A Mr. D Food delivery driver in Cape Town. Photo / Joao Silva, The New York Times
He had delivered his last food order for the evening and was driving home from Pinelands, a suburb in Cape Town, when an oncoming car swung in front of him, knocking him off his motorbike.
Friends and family arrived within 20 minutes, but the motorcyclist, Christian Hakomeyimana, was dead. A20-year-old Rwandan migrant, he had been a contractor for Mr. D Food, an online food delivery service popular in South Africa.
"That car hit him so hard," said Xavier Nshimiyamana, one of his closest friends. The bike, he said, was smashed to pieces — "completely beyond repair."
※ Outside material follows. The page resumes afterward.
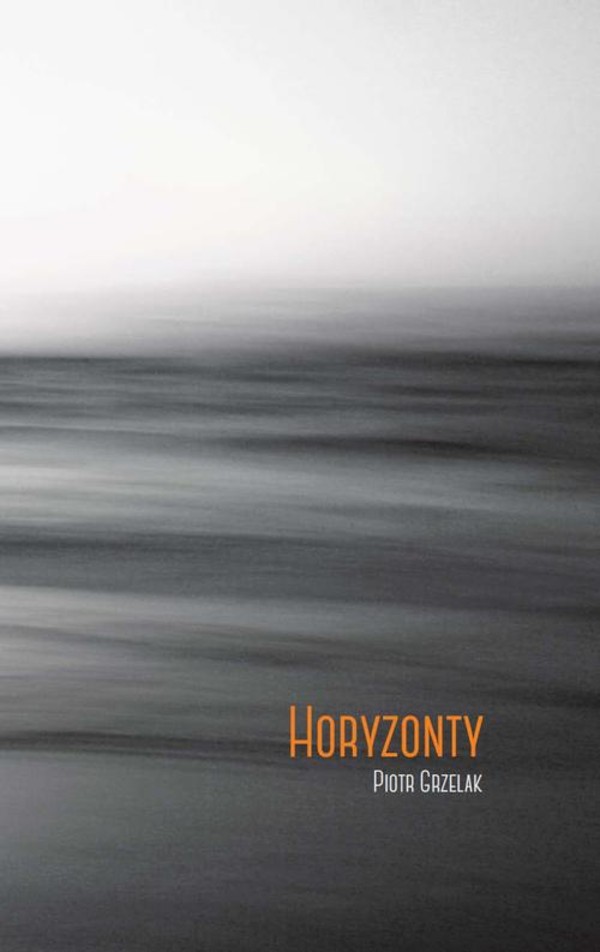 Horyzonty - epub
Hakomeyimana's death in the July 5 crash was just one in a rising number of casualties among food delivery workers in South Africa. The emergence here of food delivery apps like Mr. D Food and Uber Eats has drawn thousands of motorbike riders — predominantly migrants — into poorly regulated and highly precarious work.
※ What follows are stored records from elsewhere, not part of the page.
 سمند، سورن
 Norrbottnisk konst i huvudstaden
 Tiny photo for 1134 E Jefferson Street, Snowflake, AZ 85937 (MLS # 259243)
Migrants around the world have long signed up for dangerous jobs, but experts warn that the gig economy makes it even harder for the authorities to monitor working conditions and enforce labor laws.
"Food delivery is an inherently dangerous line of work in South Africa," said Mark Graham, a geography professor at Oxford University who studies the gig economy in developing nations. "Workers put themselves at risk every time they take on a job."
According to the Motorcycle Safety Institute, a local organisation that collects accident statistics, at least 70 delivery riders — most of them food couriers — have died in South Africa over the past year. Hundreds more have been injured.
"As demand for food and small item delivery increases, so does risk to the rider," said Hein Jonker, the institute's director.
South Africa's food couriers often drive unsafe motorbikes with broken lights, missing mirrors or parts held together with string and tape. Most lack formal motorbike training and adequate protective gear. Only a few have insurance coverage or death benefits.
"Business owners have no responsibility to contracted riders," Jonker said. "This is a serious matter of exploitation."
Mr. D Food, which along with Uber Eats controls nearly 90 per cent of South Africa's booming food delivery market, declined to answer questions. The company is owned by Naspers, a global media and technology giant, and recently announced that its order revenues had grown 170 per cent within a year.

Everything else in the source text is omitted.